§ WHAT YOU WILL DO:
Your answer must be the exact lines from the one holding "Tânăra în ciorapi" through the last line of the records below, with no pictures.

*** Opening SUPPLIED INFORMATION ***

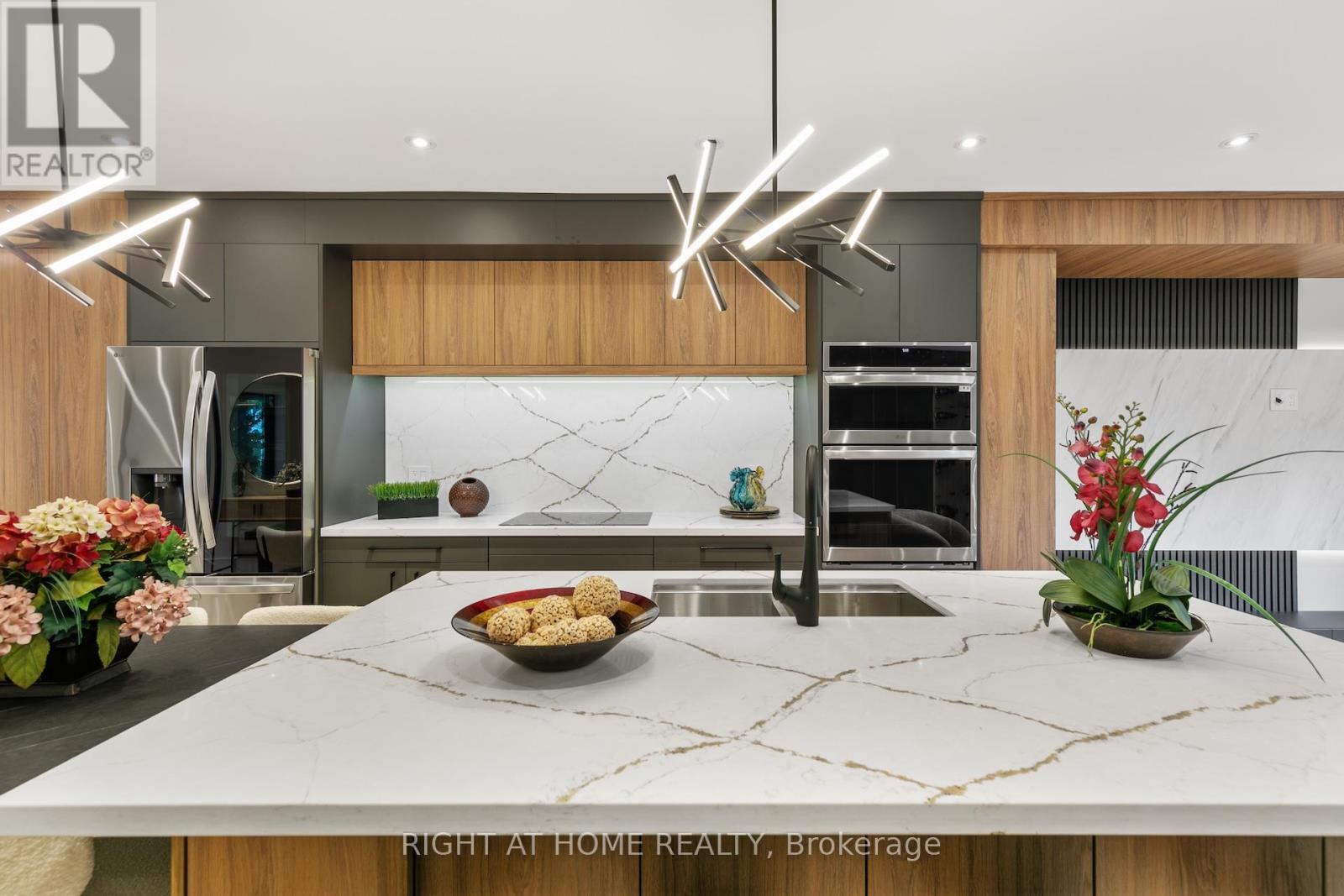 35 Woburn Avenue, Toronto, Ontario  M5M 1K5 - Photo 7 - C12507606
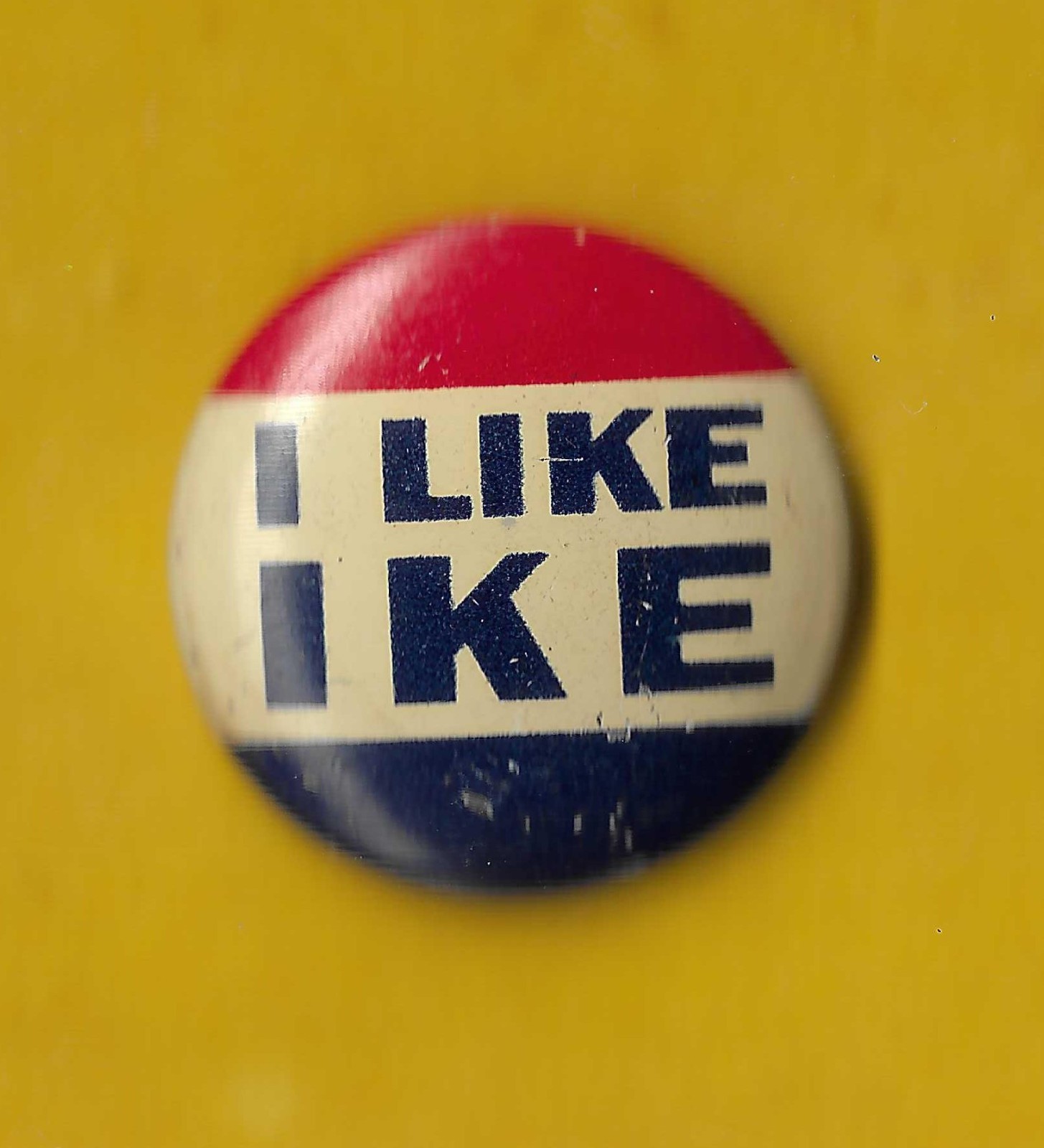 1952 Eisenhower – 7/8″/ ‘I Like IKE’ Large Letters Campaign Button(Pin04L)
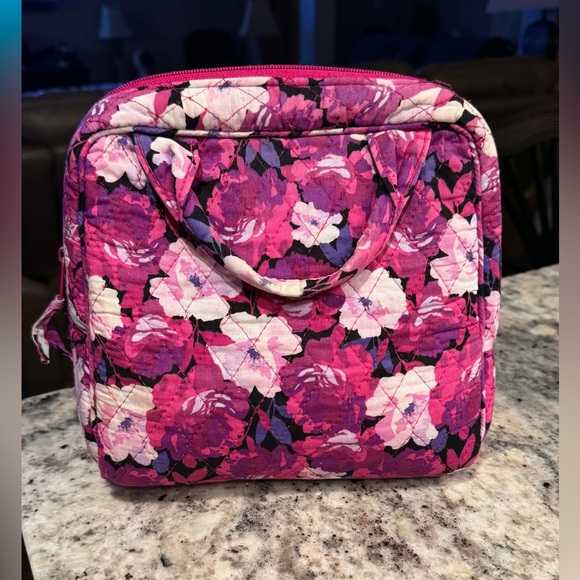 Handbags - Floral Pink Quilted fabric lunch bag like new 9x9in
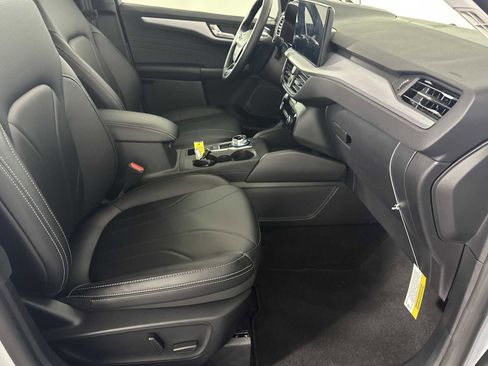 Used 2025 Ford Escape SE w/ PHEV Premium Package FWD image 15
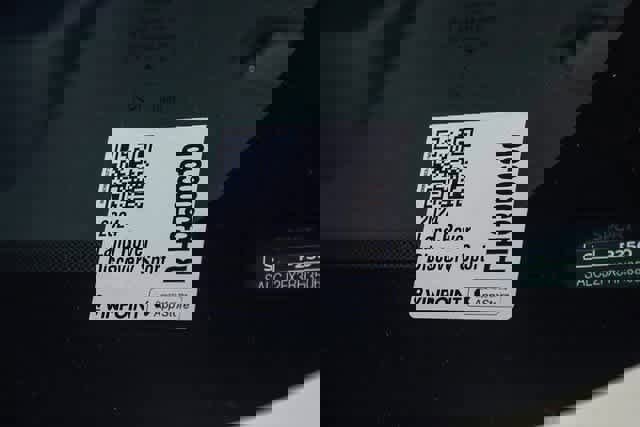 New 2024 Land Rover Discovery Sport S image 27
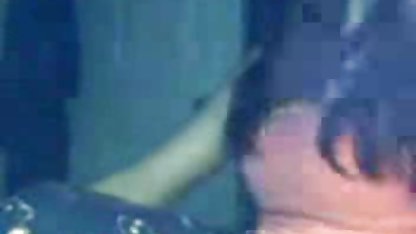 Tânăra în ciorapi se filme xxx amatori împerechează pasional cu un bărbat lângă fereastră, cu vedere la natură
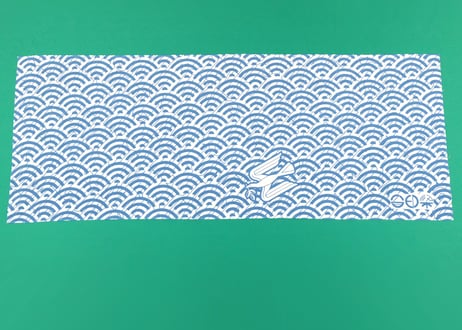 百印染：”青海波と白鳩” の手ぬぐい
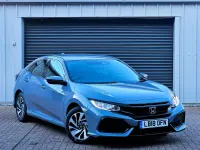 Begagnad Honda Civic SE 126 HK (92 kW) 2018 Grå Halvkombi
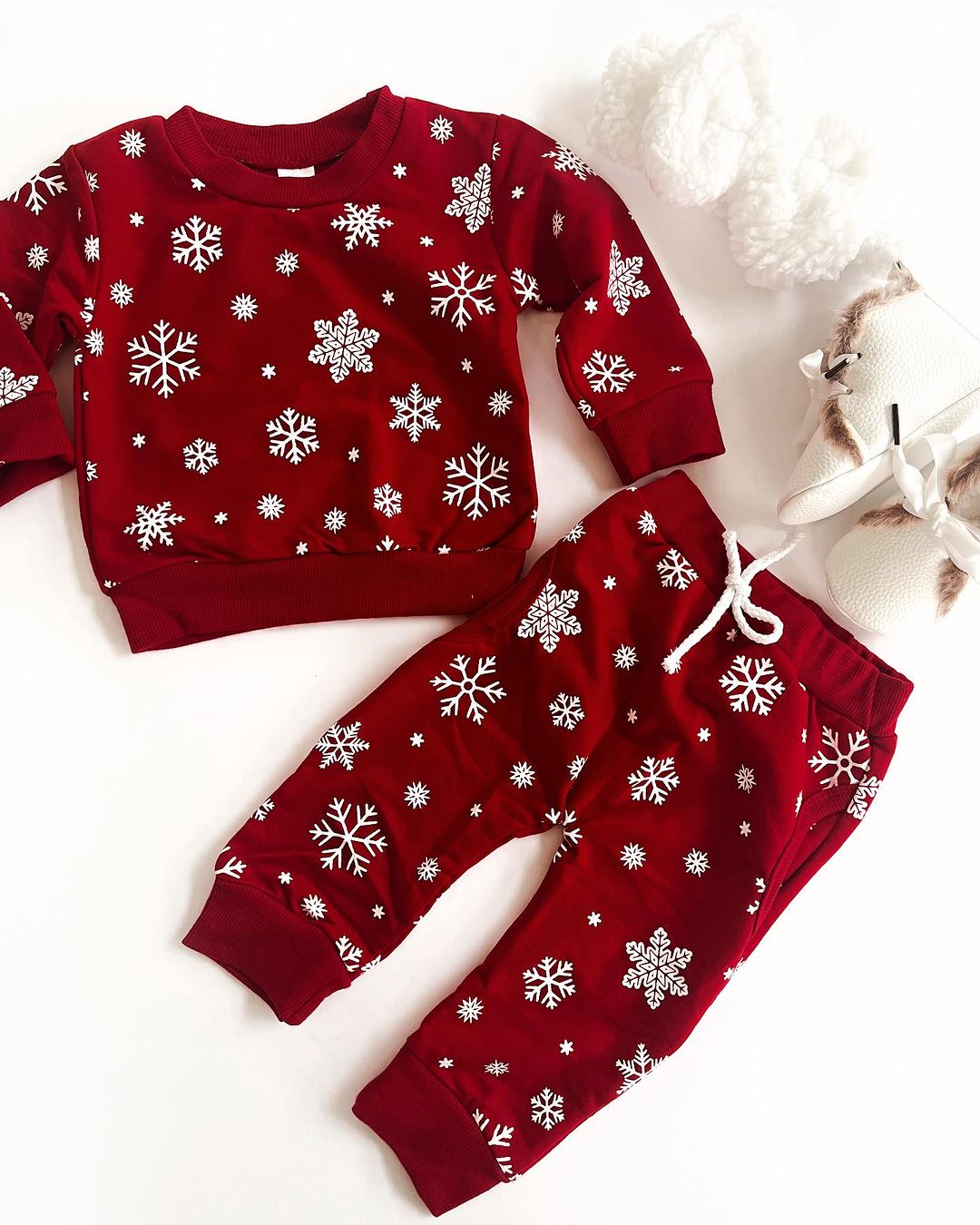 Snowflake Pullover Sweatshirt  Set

*** Closing SUPPLIED INFORMATION ***

§ YOUR RESPONSE:
 Tânăra în ciorapi se filme xxx amatori împerechează pasional cu un bărbat lângă fereastră, cu vedere la natură
 百印染：”青海波と白鳩” の手ぬぐい
 Begagnad Honda Civic SE 126 HK (92 kW) 2018 Grå Halvkombi
 Snowflake Pullover Sweatshirt  Set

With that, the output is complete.